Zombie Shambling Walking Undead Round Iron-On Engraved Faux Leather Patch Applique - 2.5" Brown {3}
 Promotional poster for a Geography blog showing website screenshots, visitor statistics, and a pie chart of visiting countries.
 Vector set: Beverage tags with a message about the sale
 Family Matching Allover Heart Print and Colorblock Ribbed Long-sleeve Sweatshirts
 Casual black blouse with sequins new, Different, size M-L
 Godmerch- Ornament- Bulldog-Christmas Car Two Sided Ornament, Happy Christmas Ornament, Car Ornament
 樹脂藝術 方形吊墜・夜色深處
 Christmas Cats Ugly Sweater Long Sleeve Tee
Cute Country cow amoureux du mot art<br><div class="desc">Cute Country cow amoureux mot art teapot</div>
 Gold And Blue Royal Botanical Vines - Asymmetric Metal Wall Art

*****

- Problem to solve -
Copy exactly. The range runs from the line containing "Casual black blouse" through the last line of the data.

- Solution for this exercise -
 Casual black blouse with sequins new, Different, size M-L
 Godmerch- Ornament- Bulldog-Christmas Car Two Sided Ornament, Happy Christmas Ornament, Car Ornament
 樹脂藝術 方形吊墜・夜色深處
 Christmas Cats Ugly Sweater Long Sleeve Tee
Cute Country cow amoureux du mot art<br><div class="desc">Cute Country cow amoureux mot art teapot</div>
 Gold And Blue Royal Botanical Vines - Asymmetric Metal Wall Art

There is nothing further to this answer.